A Language Classifier powered by Recurrent Neural Network(RNN) implemented in Python without AI libraries.
The classifier classifies a word in English, Spanish, Finnish, Dutch, or Polish. The classifier outputs correctly at a rate of approximately 85%. It is purely implemented with numpy and built-in libraries.

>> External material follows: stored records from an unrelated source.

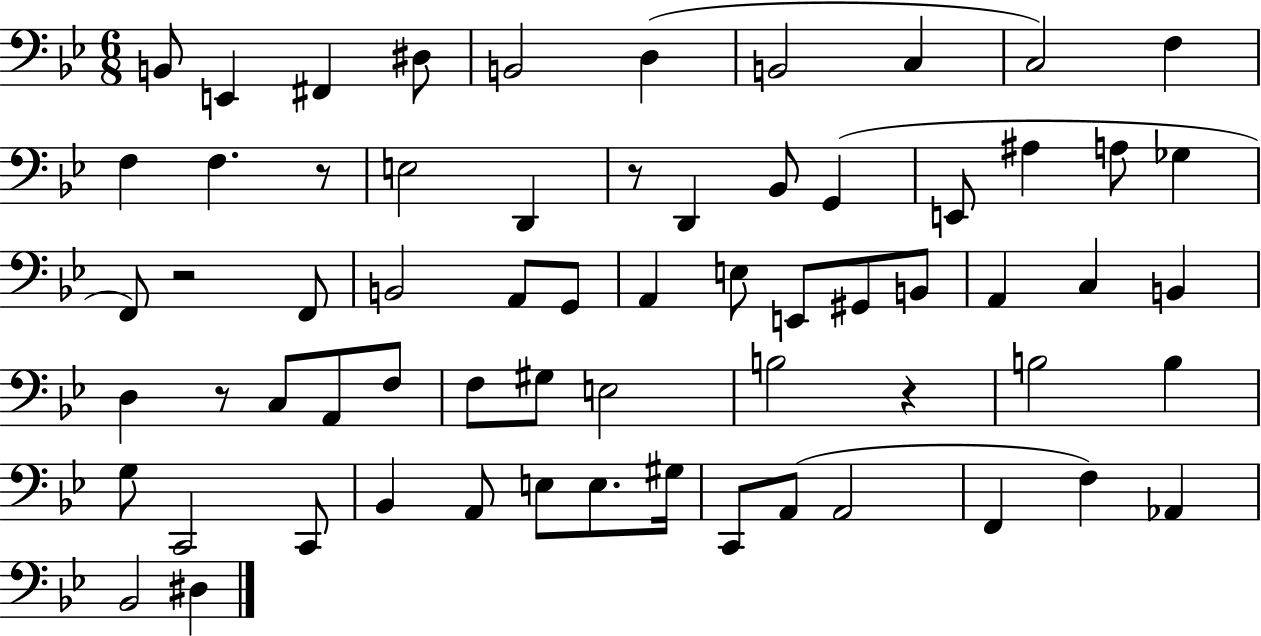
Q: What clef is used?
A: bass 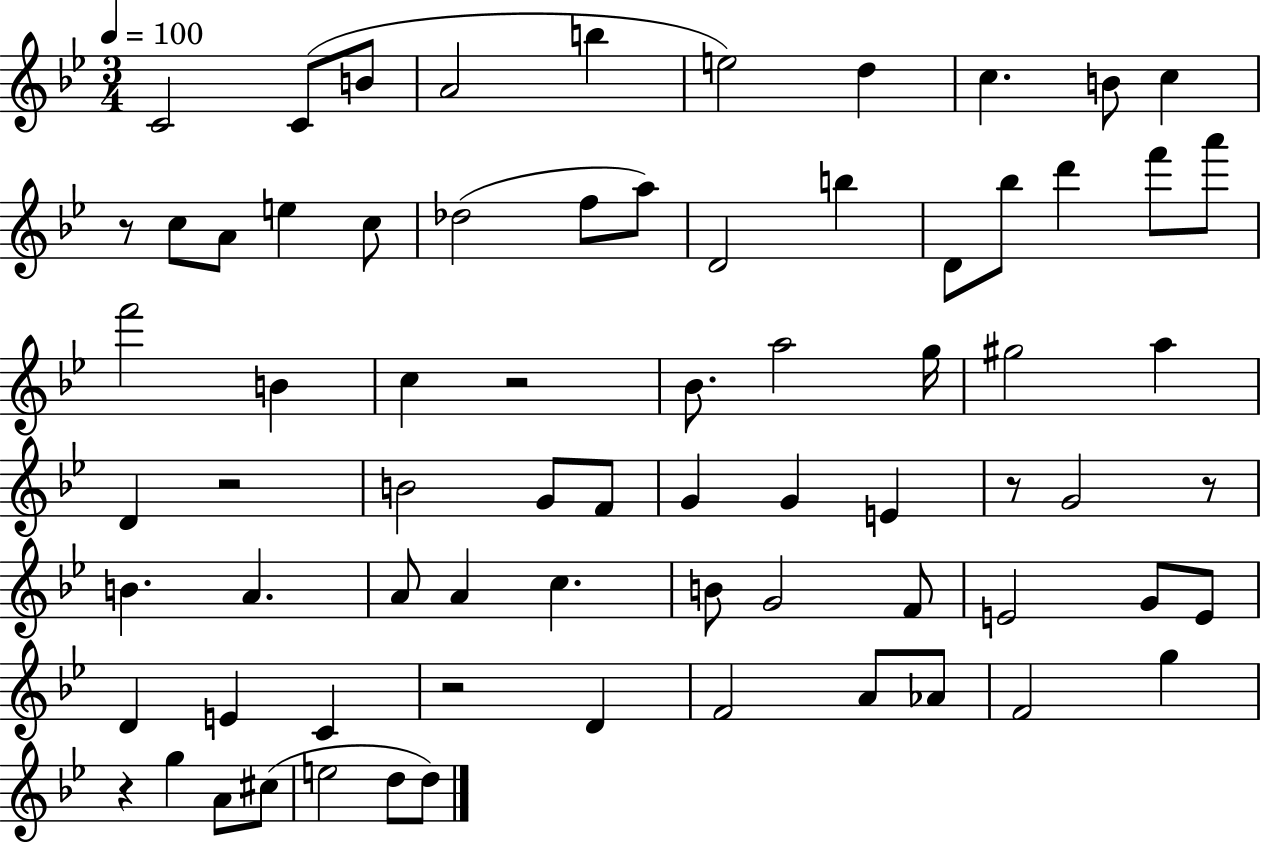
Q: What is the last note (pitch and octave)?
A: D5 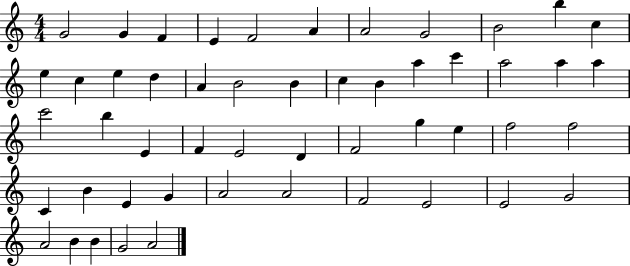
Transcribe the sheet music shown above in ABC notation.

X:1
T:Untitled
M:4/4
L:1/4
K:C
G2 G F E F2 A A2 G2 B2 b c e c e d A B2 B c B a c' a2 a a c'2 b E F E2 D F2 g e f2 f2 C B E G A2 A2 F2 E2 E2 G2 A2 B B G2 A2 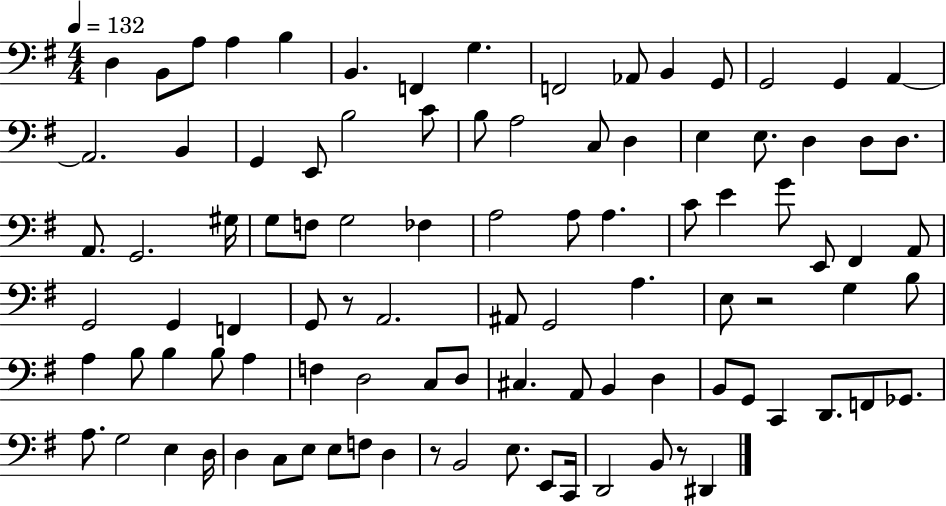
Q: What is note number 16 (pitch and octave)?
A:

- Input Layer: 47 nodes representing 47 different characters
- Output Layer: 5 nodes representing 5 languages
The technique used in this project is called Recurrent Neural Network(RNN):
Here, an RNN is used to encode the word “c-a-t” into a fixed-size vector h3.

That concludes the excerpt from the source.